Cynthia Kadohata! I had the great pleasure of meeting her in 2007 at the Jane Addams Children’s Book Award Ceremony where her novel, Weedflower, won the award for Older Children.
Here’s Cynthia’s autograph:
Huh? An honor? Cynthia Kadohata, author of the Newbery Award winning Kira-Kira? To this writing newbie, her message shone with humility and generosity.
Those qualities shone through again when I emailed Cynthia (after no contact in between) to ask if she might be interested in being interviewed for my future blog (i.e. still a figment of my imagination).
Since 2007 Cynthia has published several other novels to great acclaim including The Thing About Luck, winner of the National Book Award for Young People’s Literature. You get the picture: this woman can really write!
Although this interview is my first lengthy exchange with Cynthia, l have felt a sense of connection to her over the years through her novels which I find luminous, honest, and humorous.
“Sometimes it’s simply amazing how the world blooms around you when you are searching for something.” – Cynthia Kadohata
Amy: Welcome, Cynthia! It’s truly my honor. You’ve had a long writing career including ten published books. You started off writing for adults, publishing your first novel, The Floating World, in 1989. How did you make the shift from writing adult novels to writing children’s novels?
Cynthia: My editor, Caitlyn Dlouhy, was my grad school roommate, and while I went off to write for adults, she went off to become a children’s book editor. We remained good friends, and now and then over the years she suggested that I write for children.
Then in 2002 I read a pile of children’s novels she’d sent me, and something just clicked. I hadn’t read children’s novels in many years. It was like a light being turned on. So I decided to try it.
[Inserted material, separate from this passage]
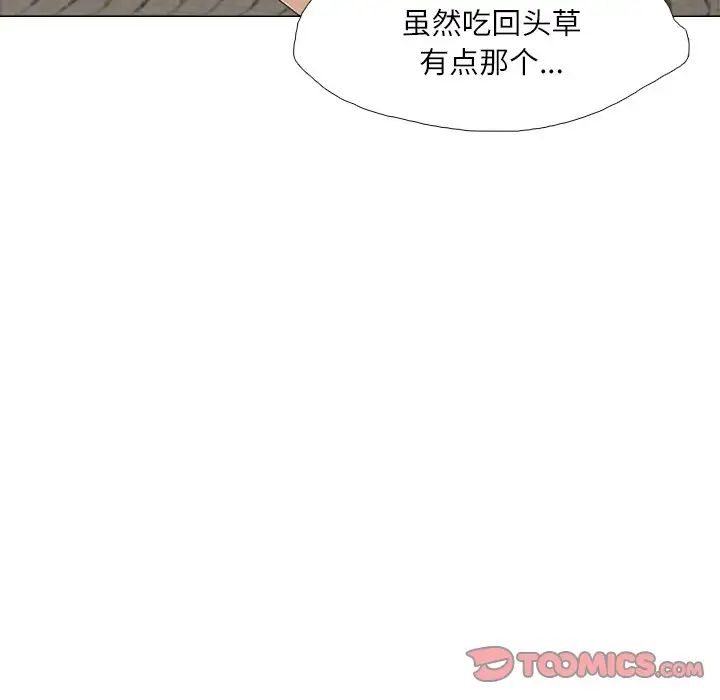 愛上屬於別人的妳第9話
My writing was always from the POV of a young person – my first adult novel’s narrator is a child at the start of the book – so the switch to writing children’s novels wasn’t that much of a jolt to my system. It felt very natural, and I loved it. Channeling my inner twelve-year-old is one of my favorite things to do!
Amy: I’m glad that you brought up your inner twelve-year-old. I’ve read four of your novels (so far) and noticed that the protagonists are all at the threshold of adolescence. What is it about that age that speaks to you so strongly?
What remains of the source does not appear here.